W.G. Vincenti, “O que os engenheiros sabem” (2)

No início do ano letivo, trouxe a esta coluna o esquema dos tipos e variantes de conhecimento tecnológico proposto por Walter G. Vincenti (“‘O que os engenheiros sabem’ (1)”). Começado há pouco o segundo semestre, aqui fica uma referência às categorias cognitivas que esse autor reconheceu no cerne da produção tecnológica – desde aviões ou vacinas até software. É a aplicação destas categorias que nós contribuintes compramos ao financiar essas escolas.

i) Conceitos fundamentais – primeiramente, o princípio operacional do artefacto: o funcionamento global do artefacto que cumpre o propósito que este serve – p. ex. ordenha por vácuo em condições tão controladas quanto possível. É conforme esse princípio que o artefacto se define – ex. sala de ordenha – e que o sucesso deste último é avaliado em termos técnicos. Outro conceito fundamental é o de configuração normal do artefacto a desenhar: a disposição geral dos componentes que na comunidade técnica se reconheça cumprir melhor o princípio operacional – no caso das salas de ordenha reconhecem-se várias configurações satisfatórias. Esses conceitos são implementados normalmente no design conforme as cinco categorias seguintes.

ii) Especificações que traduzem quantitativa e detalhadamente os objetivos gerais qualitativos da utilização do artefacto. Por exemplo, os limites mínimo e máximo da depressão atmosférica a manter nas tubagens e tetinas. Essas especificações visam os critérios técnicos relevantes para cada tipo de artefacto e o seu uso. Como a necessidade do vácuo ser suficiente para forçar a abertura do esfíncter do teto, mas sem penetrar neste órgão. Esses critérios derivam frequentemente das três categorias seguintes.

iii) Ferramentas teóricas exigidas pelo design de quaisquer tecnologias minimamente sofisticadas. Como o conceito intelectual de depressão atmosférica conforme a teoria corpuscular da matéria, e as fórmulas matemáticas que explicitam o comportamento dos fluidos. Essas teorias e métodos de cálculo variam desde as puramente matemáticas sem qualquer referência física, passando por teorias que incluem estas referências, até certos números assumidos como mero expediente para alguns cálculos pontuais.

iv) Dados quantitativos que constituam valores concretos para as variáveis das fórmulas empregues – ainda no mesmo exemplo, é o caso dos comportamentos de muitos modelos de tetinas experimentadas em Moorepark (Irlanda) em circunstâncias idênticas.

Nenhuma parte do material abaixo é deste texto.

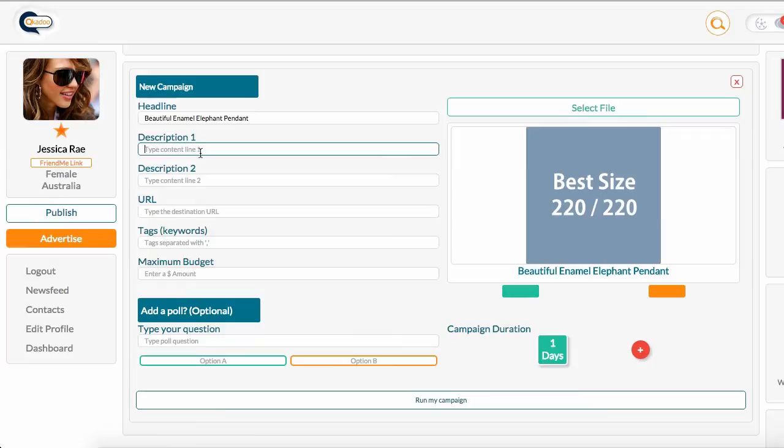In the description one and description two lines, you can include 50 characters, including spaces. So I'm going to type my description in here in the first line.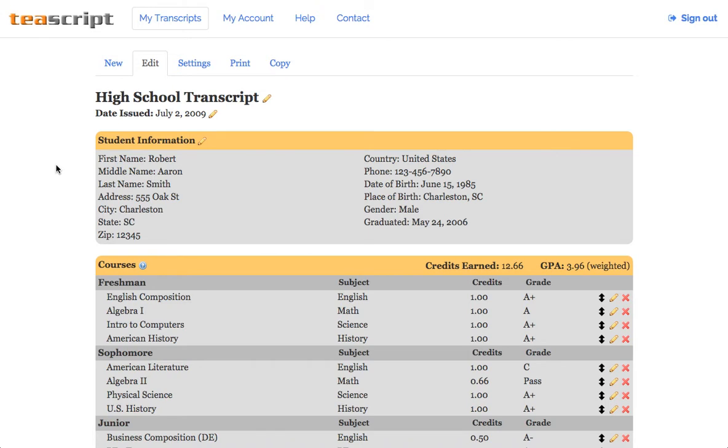Hey folks, Matthew here with T-Script. Today I'm going to demonstrate how to change the font on your transcript.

v) Considerações práticas que derivam da experiência (conhecimentos “tácitos”, v. crónica acima referida). Juntamente com os conceitos fundamentais, estas considerações podem constituir a categoria cognitiva mais relevante – veja-se o caso da mecanização da ordenha açoriana na década de 1970: os designers das primeiras máquinas móveis e dos equipamentos das salas fixas de ordenha não foram engenheiros com formação teórica superior, mas mestres serralheiros que importaram para essa nova produção conhecimentos adquiridos na sua anterior prática profissional.

vi) Enfim, cada designer implementa procedimentos, formas de pensar e de ajuizar – “design instrumentalities”. São conhecimentos sobre a própria atividade do design técnico. Neste século, incluem o trabalho com I.A., Big Data…

Renovo os votos de setembro: que os estudantes e professores que tenham a sorte, e mérito, para frequentar eventuais escolas tecnocientíficas portuguesas “de 1º mundo” explorem as anteriores categorias ao nível exigido neste último. Todos ganharemos com isto.


enviado para: Correio dos Açores, 02/04/2021

O pensamento técnico e o desafio português

Quando se fala em “tecnologia”, ocorrem-nos habitualmente objetos com utilidade prática – computadores, esferográficas… No entanto, aquele t...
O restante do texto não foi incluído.